Ma non solo. Queste opere colpiscono qualunque osservatore per la potenza magnetica con cui attirano lo sguardo.
La geometria dell’universo, immaginata da D’Ambros in poche decine di centimetri quadrati, nasconde un desiderio irrefrenabile di dare una dimensione riconoscibile, un ordine morale, dei riferimenti alla realtà che lo circondava.
Un dolore sordo, profondo, che cerca pace e serenità nello spazio.
Che non è però l’universo del caos, ma quello della ricerca costante di una geometria definita e comprensibile. Se il cosmo è a portata di mano (va ricordato che l’uomo sbarcò sulla luna nel 1969, e che quegli erano gli anni in cui il tema dell’uomo nella galassia era non solo di cronaca, ma anche di attualità letteraria), nel senso intellettivo del termine, non sarà possibile ridurre la nostra vita a strade per noi percorribili?
MAESTRI
Pertanto, D’Ambros va considerato a tutti gli effetti un maestro del Novecento. Ha scelto di dipingere lo spazio usando modalità assolutamente innovative, lo ha fatto con un’idea peculiare e virtuosa, ha realizzato porzioni di galassia in maniera unica. Lontano dalla fama, lontano dai riflettori, ma con una determinazione che, anche in vita, gli ha consentito di maturare dei sucessi che l’hanno ripagato, e con la partecipazione alla XXXVa Biennale di Venezia (l’asteroide d’oro, scultura in vetro di murano) consacrato nel Pantheon.

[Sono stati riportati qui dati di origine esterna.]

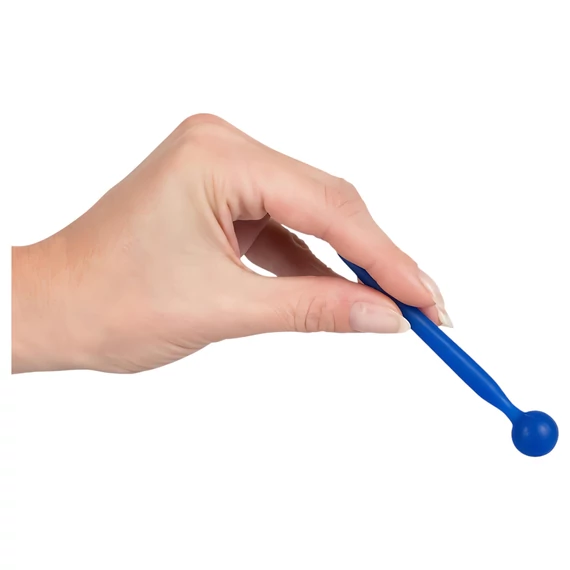 Dilátor Sperm Stopper - guľovité silikónové dildo na zväčšenie močovej trubice (modré)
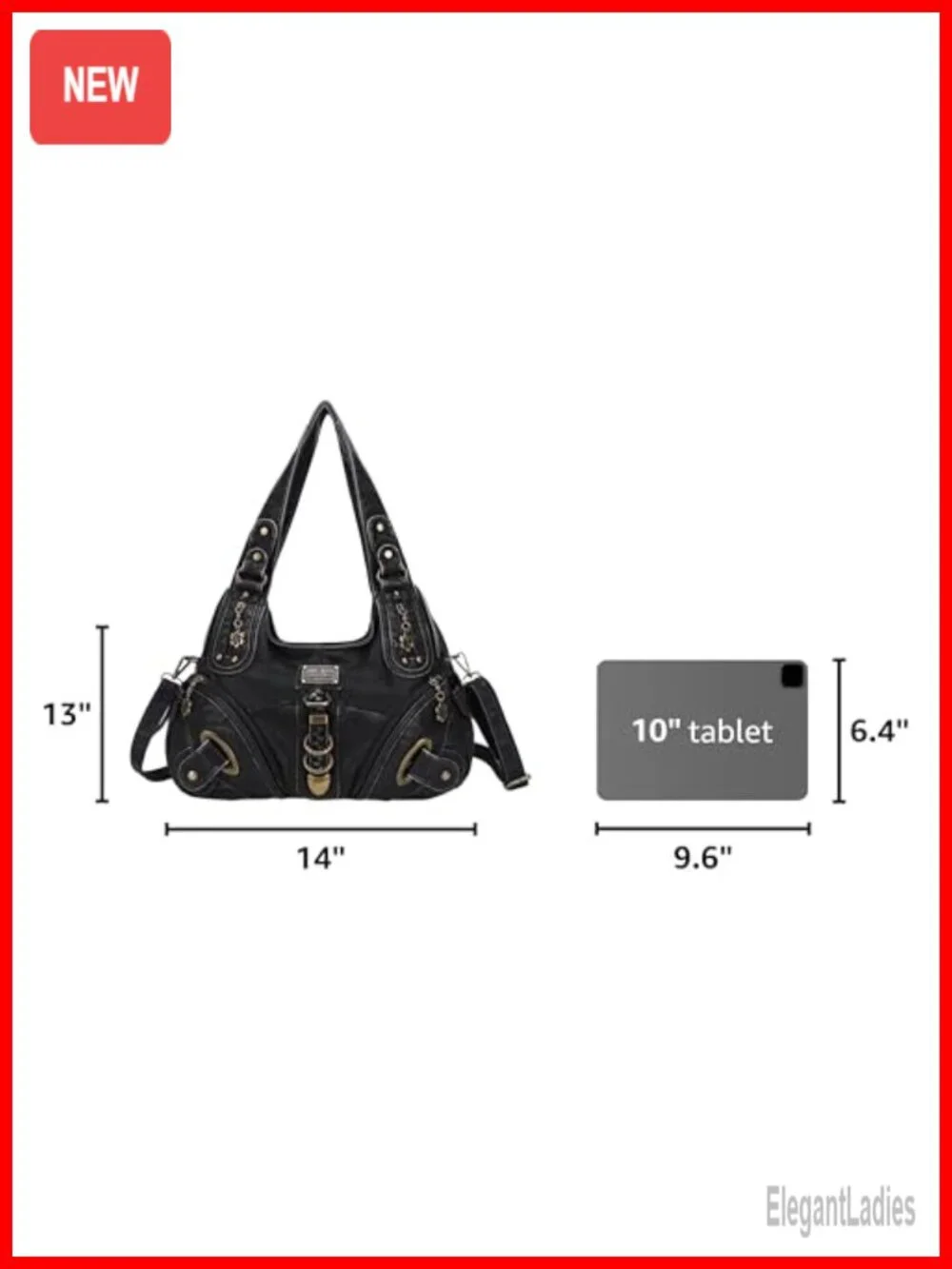 Washed PU Leather Hobo Satchel Bag Convertible Shoulder Bag Women's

E’ in programma un ciclo di mostre – dalla retrospettiva di Noventa Vicentina – che darà a D’Ambros, almeno in parte, la possibilità di parlare al suo pubblico. Come fa un maestro, dall’alto di una cattedra. La sua è un cavalletto.
LA MODERNITA’ E IL VALORE
Le tele di Rino D’Ambros sono per questo di una straordinaria modernità. Opere del suo tempo, per le tematiche affrontate, ma che sanno parlare all’uomo di oggi in maniera diretta, senza fraintendimenti. I cosmi dell’artista di Feltre raccontano di un uomo che si pone difronte al tutto, e che cerca di reinterpretarlo dando una connotazione intellegibile all’universo. Perché l’universo non è solo qualcosa che ci circonda e che ci permea, qualcosa che sta attorno a noi, ma anche la sostanza di cui siamo fatti.
Pertanto, il valore di queste opere è notevole. Dal punto di vista storico, da quello artistico e da quello culturale in genere. D’Ambros ha descritto un modo di vedere il mondo in maniera unica, con gli strumenti degli anni sessanta e settanta, inventandosi un’arte e dei linguaggi che non c’erano.
Ma i risultati del suo lavoro sono opere che continuano a parlarci. Anche oggi.